Ayrıca birçok insanın kırıldığı, aldatıldığı, yalanlarla kandırıldığı, hatta alay edildiği olmuştur. En kötüsü de değersiz şeylerle takas edildiği, yani satıldığı olmuştur. Hakkını arama yerine yalvararak lütuf dilenir hale getirildiği olmuştur. İkbalden nikbete düştüğünde arkasından sallanan tekmeleri görmemek için savrulan tekmelerin rüzgârını saydığı olmuştur. Kahve köşelerinde arkadan küfür panayırları kurulduğu olmuştur. Kinayeler ile laf sokulduğu, hatta yüzüne müebbetten kurtulmuş sözler söylendiği olmuştur. Ya da tam tersi, ihtişamlı bir hayatı olanların çevresindeki dalkavukluk yarışı ile utanmazlıkların çarşısı açılmıştır.

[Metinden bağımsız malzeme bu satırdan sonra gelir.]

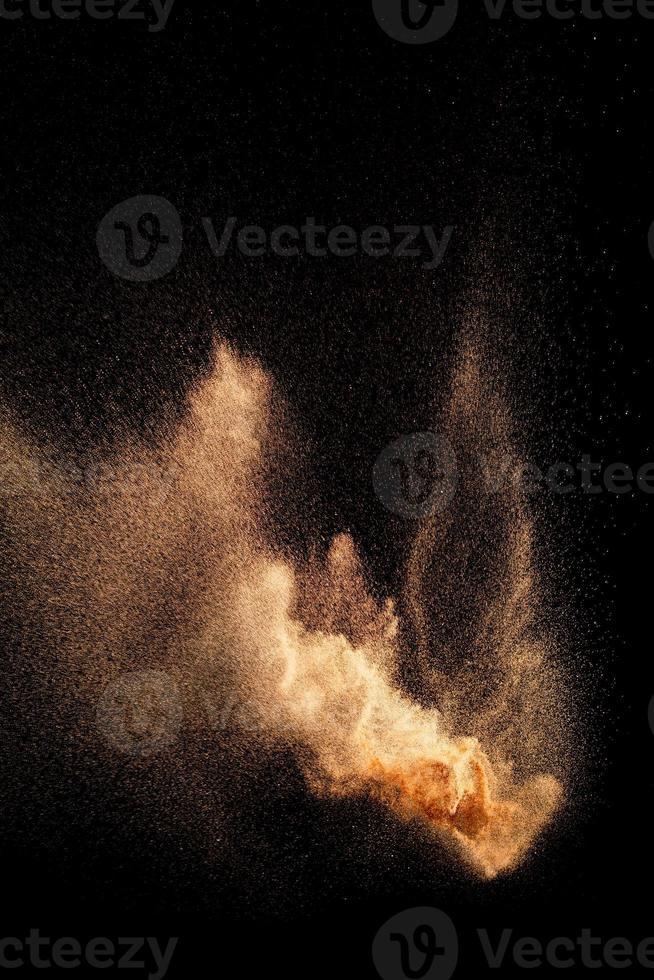 Brown color sand splash against black background. Sand fly wave in the air. photo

Olumsuz saldırıların hedefindeki bu insan, sonunda yıkılmış, yorulmuş, bitkin bir insan tipi toplumdaki yerini alıverir. Kırılan bir uzuv bir-kaç ayda iyileşecektir ama kırılan kalpler hiçbir zaman iyileşmeyecektir. Bir kırık bacak için acil ambulansı hemen geliverir; oysa kırık kalpleri onaracak ambulans hiçbir zaman gelmeyecektir.
Bazen de aldatıcı bir ambulans görevi yüklenmiş birileri alıp sizi götürür, yaralarınızı daha da beter deşerek salıverir. Eski yaralarınızı arar hale gelirsiniz.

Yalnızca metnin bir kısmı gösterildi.